Date of Change: 11/18/2020

1 Like

This seems useful, we use the jobs analytics endpoints to pull down data into our data lake every night.

Can I ask that you give an example how to use these endpoints? E.g. a use case?

The use case is that you can poll the availability endpoint periodically (like hourly, or 30 mins) to identify when new data has become available. Then once new data is ready, you can invoke a job to export it. This prevents your app from having to perform an export just to find out when the latest data availability is.

Okay, so if I get this back, I can with confidence request a job analytics data up to (not including) 2020-11-18T17:19:00.000Z ?

And if I don't see the value I "want", I could just hold off on starting the export, and poll a bit later, and request the export when I get a dataAvailabilityDate value fits with my use case?

{
  "dataAvailabilityDate": "2020-11-18T17:19:00.000Z"
}

By the way, the release notes said (my highlight):

Developers can now access the partial availability time stamp

Which is another reason why I asked this question, I'm not sure what the partial referred to, that you can get data back before that point, but data some data could be missing?

Hi Tim, can you review my last comment about the "partial" availability?

I don't know why the release note uses the word "partial"; partial availability isn't a concept here. The data availability timestamp indicates that data prior to that timestamp is available.

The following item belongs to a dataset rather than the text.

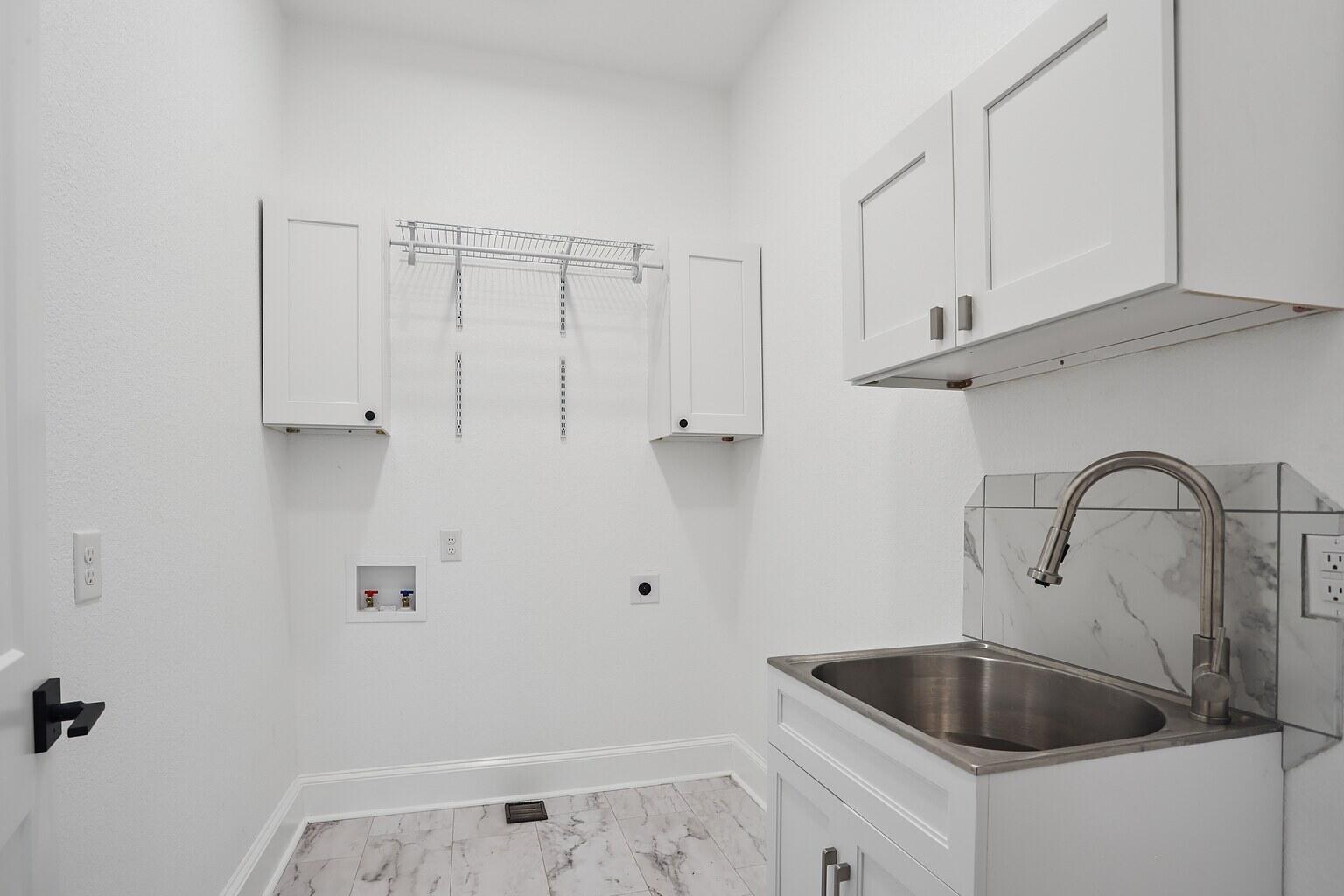 306 Rivers St, Smithville, TX 78957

Ok, thanks for the clarification :slight_smile:

Tried to poll data with both endpoints and dataAvailabilityDate I get back in response, is almost 24hrs backwards from current timestamp. At the same time, if I query the data for conversation/user details, I do retrieve fresh data data for today just ok.

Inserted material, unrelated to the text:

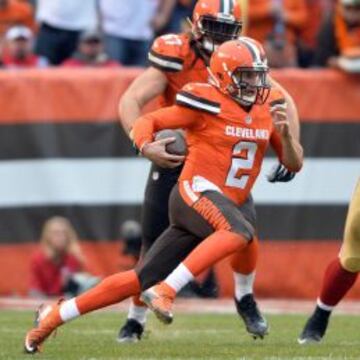 Johnny Manziel haciendo las cosas que Johnny Manziel hace.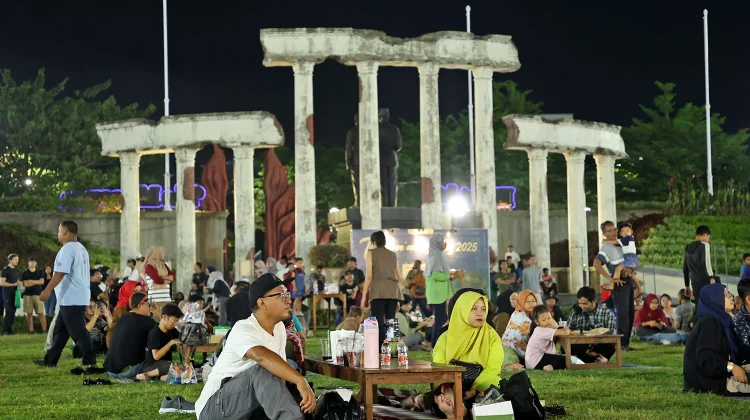 Ngabuburit Tugu Pahlawan Hadirkan Hiburan Edukatif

Is this expected behavior to see gap this long?

Using developer tools to poke the new endpoints.

Yes, per https://developer.mypurecloud.com/api/rest/v2/analytics/conversation_details_job.html#data_availability

While the data returned by detail record jobs is the same as that behind the detail query endpoint, the data source is different. Jobs are served by a data lake that is updated nightly by a batch process, rather than being updated in real time. The exact time this update occurs varies day to day, but it will generally not occur during business hours.

This makes the jobs endpoint more useful for querying historical data, as the data will not be complete up to the the day of the query. The dataAvailabilityDate field in the body of the job result indicates that all data archived up to that date and time is available. Typically, a query run during business hours on January 2nd will generally have data available up to around 6:00 pm on January 1st in the time zone of the AWS region your organization is based in.

Thanks for prompt response. This clarifies.

This topic was automatically closed 62 days after the last reply. New replies are no longer allowed.